Paper ID: 2410.05326
Early-Cycle Internal Impedance Enables ML-Based Battery Cycle Life Predictions Across Manufacturers
Tyler Sours (1), Shivang Agarwal (1), Marc Cormier (2), Jordan Crivelli-Decker (1), Steffen Ridderbusch (1), Stephen L. Glazier (2), Connor P. Aiken (2), Aayush R. Singh (1), Ang Xiao (1), Omar Allam (1)
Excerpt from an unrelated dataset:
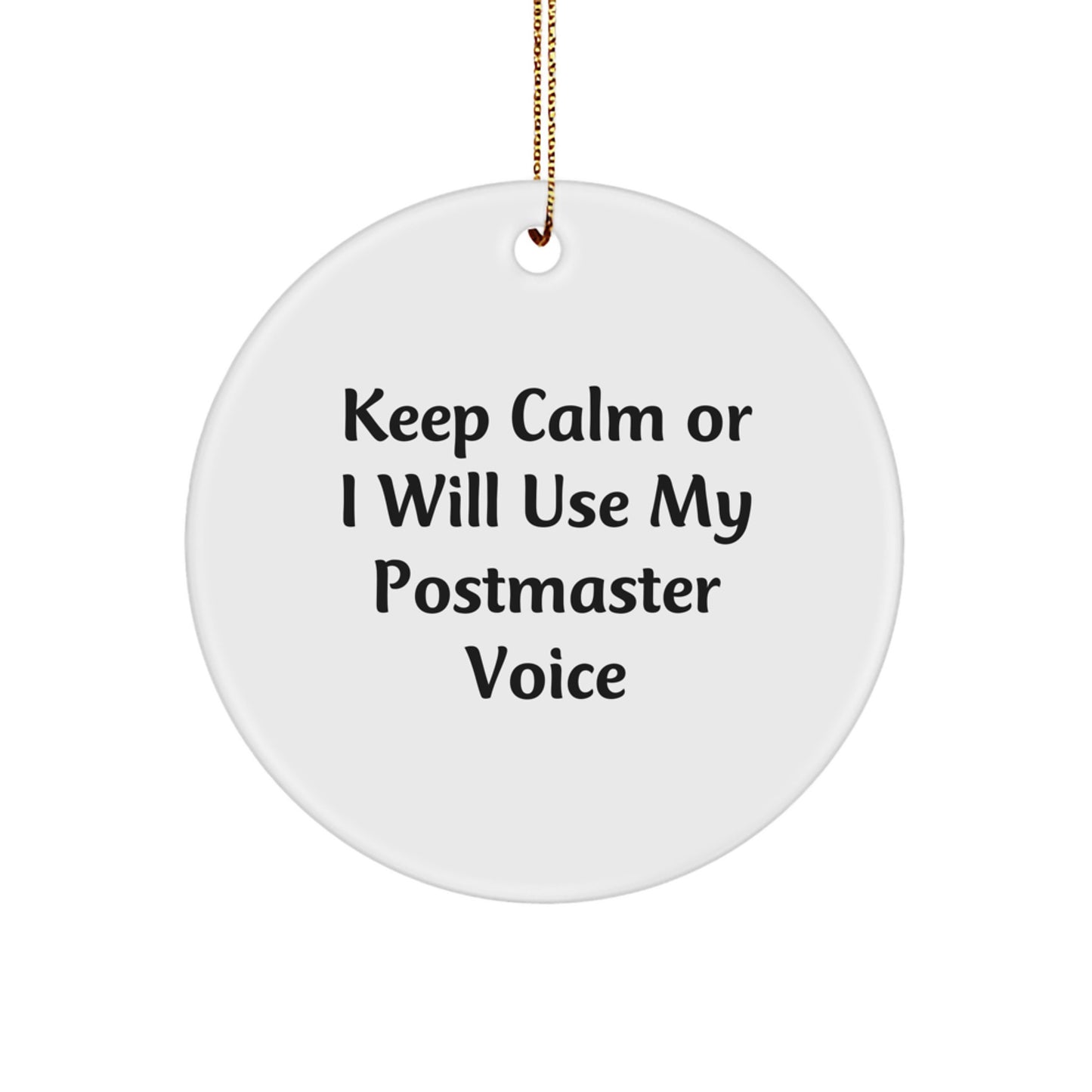 Funny Postmaster Gifts from Friends - Keep Calm Or I Will Use My Postmaster Voice Christmas Unique Ornaments for Postmaster - Image 1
Predicting the end-of-life (EOL) of lithium-ion batteries across different manufacturers presents significant challenges due to variations in electrode materials, manufacturing processes, cell formats, and a lack of generally available data. Methods that construct features solely on voltage-capacity profile data typically fail to generalize across cell chemistries. This study introduces a methodology that combines traditional voltage-capacity features with Direct Current Internal Resistance (DCIR) measurements, enabling more accurate and generalizable EOL predictions. The use of early-cycle DCIR data captures critical degradation mechanisms related to internal resistance growth, enhancing model robustness. Models are shown to successfully predict the number of cycles to EOL for unseen manufacturers of varied electrode composition with a mean absolute error (MAE) of 150 cycles. This cross-manufacturer generalizability reduces the need for extensive new data collection and retraining, enabling manufacturers to optimize new battery designs using existing datasets. Additionally, a novel DCIR-compatible dataset is released as part of ongoing efforts to enrich the growing ecosystem of cycling data and accelerate battery materials development.